すべての企業がDXの最終段階にまで到達する必要があるかどうかは疑問ですが、少なくとも、デジタイゼーション~デジタライゼーションへ取り組むことはどの企業にとっても有益なことです。

デジタイゼーションを行えば、すべての処理をアナログで行い、ヒューマンエラーを修正するために時間と労力を割くという非効率な業務サイクルから、より生産的なコア業務に集中できる環境を整える第一歩になります。

経理分野などのバックオフィス業務を本格DXへ

電子帳簿保存やインボイス制度などに順応するためのデジタイゼーションは経理部などのバックオフィス業務に関わります。
領収書などの必要書類や電子取引内容をデータのまま保存すること、それ自体でDXは完結しませんが、DXに近づいていくことには間違いありません。
蓄積したデータを先々、どのように運用していくのかを考えることも重要です。
いずれ本格的にバックオフィス業務からDXをスタートさせようと考える日がくるかもしれません。

バックオフィス業務こそDXを目指すべき理由

バックオフィス業務よりコア業務でのDXを真っ先に考えがちですが、バックオフィス業務こそDXを目指してデジタル化からスタートさせるのが得策です。
経理部門など、バックオフィス業務をDXに向かわせるための情報としては以下の記事も参考にしてください。

「経理部門のDXは急務!?事例で学ぶ経理のDX推進ポイント」

バックオフィス業務のデジタル化はDXへの通過点だから

DXの目指すものはデータを利活用した新しい価値の創造と業務変革です。
これらを実現させるためにはいずれ、データを利活用することが必要です。
データを利活用するためにはデータを蓄積する必要があり、その蓄積自体はバックオフィス業務として扱われます。

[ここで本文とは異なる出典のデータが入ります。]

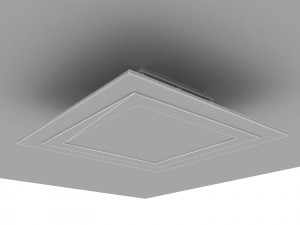 ceiling lamp blitz wallceilings 5126-21 3D Model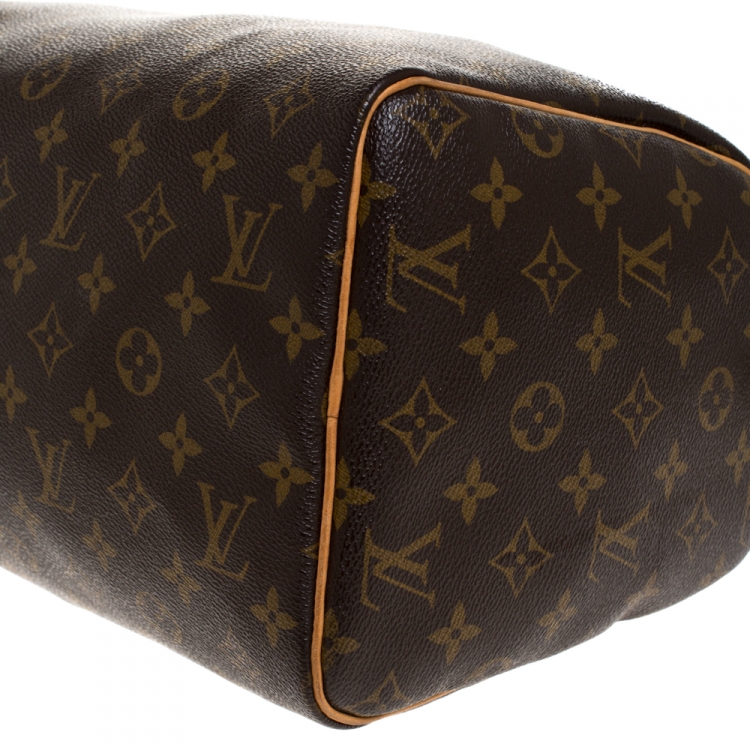 Pre Owned Louis Vuitton Monogram Canvas Speedy 30 Bag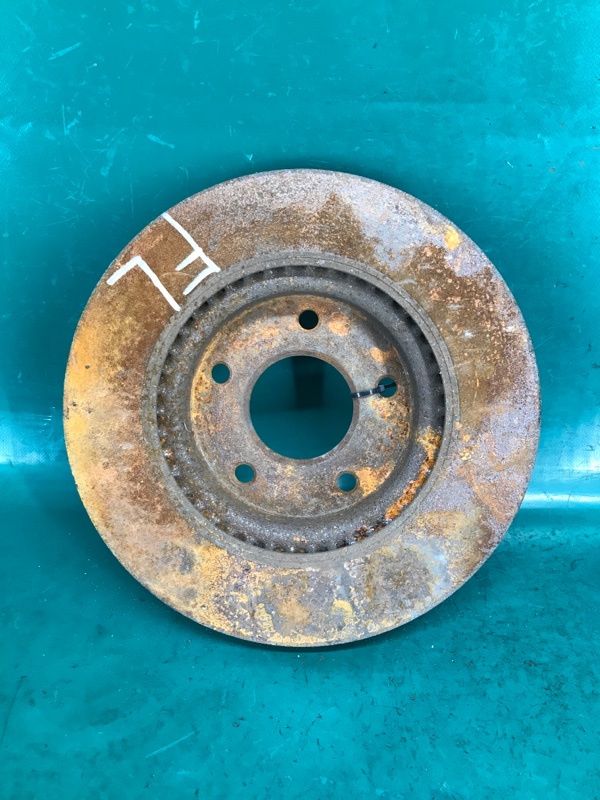 Тормозной диск передний NISSAN NV200 USA 13- Минивэн 2.0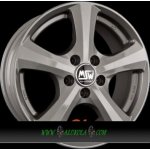 MSW 19 7x16 5x114,3 ET45 grey silver | Zboží Auto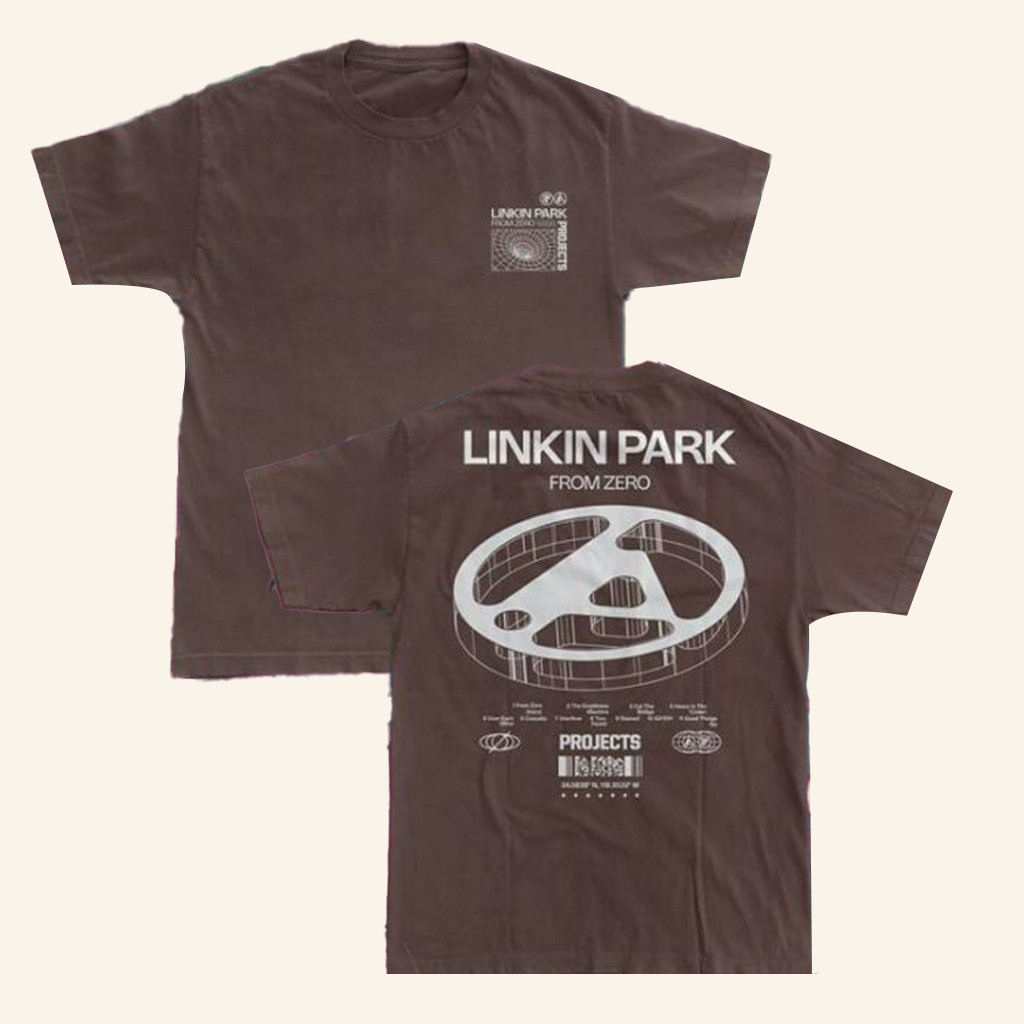 Zumiez Merch Brooklyn Projects X Linkin Park T-Shirt Christmas Gifts For Fans Zumiez Merch Brooklyn Projects X Linkin Park T-Shirt Christmas Gifts For Fans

企業によってDXをどのレベルまで推進させるのかは異なりますが、バックオフィス業務でのデジタル化は通過点なのです。

人的リソースの限界が見えてきているから

バックオフィス業務よりもコア業務に集中したいと考えている方は多いのではないでしょうか。
だからこそ、貴重なリソースはバックオフィス業務よりもコア業務に分配するべきなのです。

少子化の影響もあり、今後は新規で労働力を確保することもますます難しくなることが予想されます。

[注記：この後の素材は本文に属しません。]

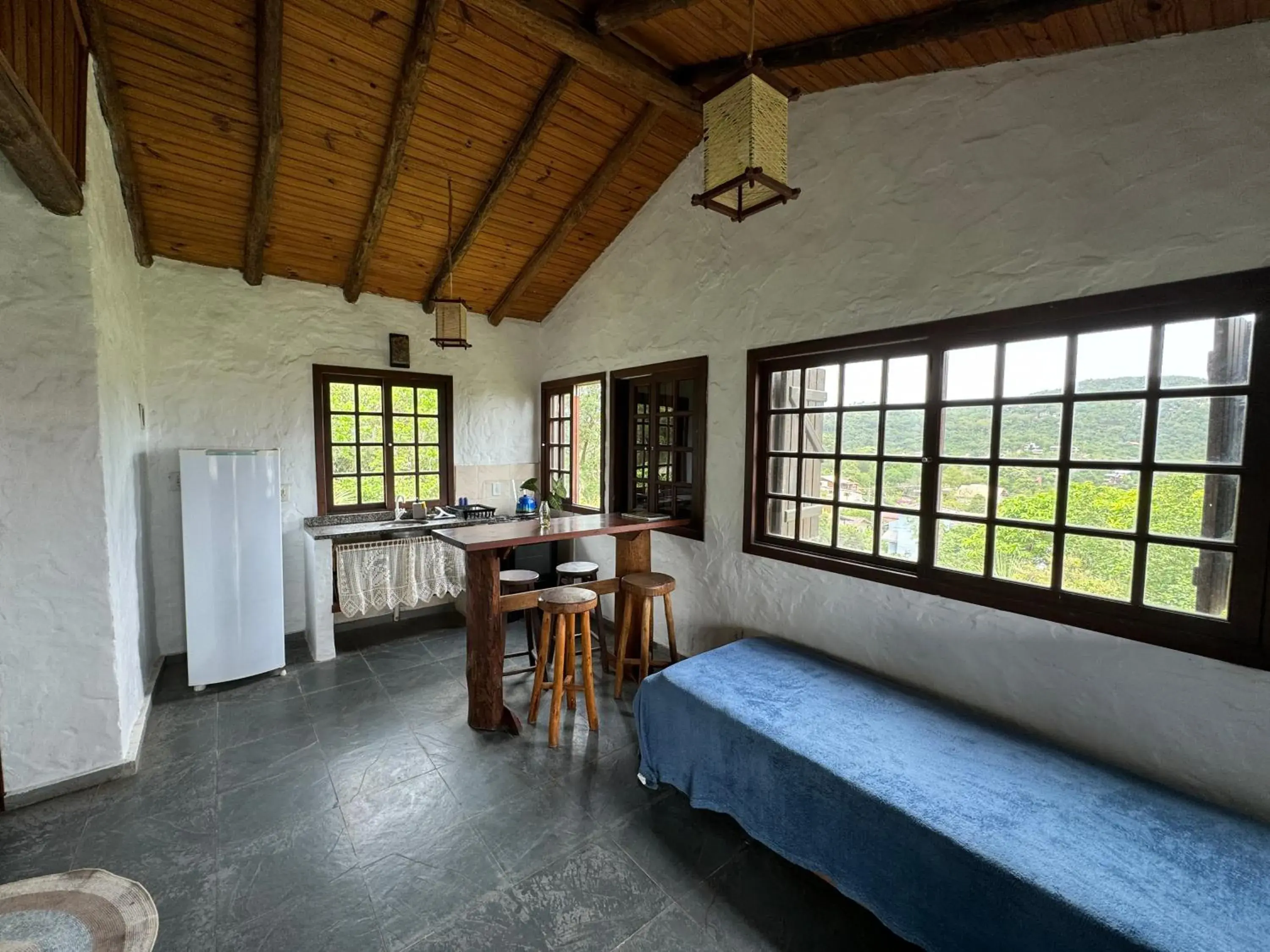 Studio with Lake View in Pousada Casa Morango - Praia do Rosa - SC Studio with Lake View in Pousada Casa Morango - Praia do Rosa - SC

すでに経理で業務をこなしてくれる人材がいたとしても、法改正をはじめとした仕組みが変わることは負荷をかけてしまうことにつながります。
今後は、限られた人的リソースをどこに配分するのかは企業の明暗を分ける大事な選択の一つになり得ます。

売上・利益に直接関係しないから

「売上や利益に直接関係しない」と聞くと、そこには費用をかけたくないと感じる方もいるかもしれません。
しかし、新しいことが制度化されるたびに人的リソースで解決を図ろうとすれば、人件費がシステム導入費よりも高騰することは明白です。
売上や利益に直結しないバックオフィス業務だからこそシステム導入によって経費をかけることが合理的な解決策といえます。

今後の法改正がさらに進む可能性があるから

今回の法改正はDXという流れを加速させるために行われたものです。
企業内のDXを推進していながら、データの保存を紙ベースで義務化しているのは一見して矛盾しています。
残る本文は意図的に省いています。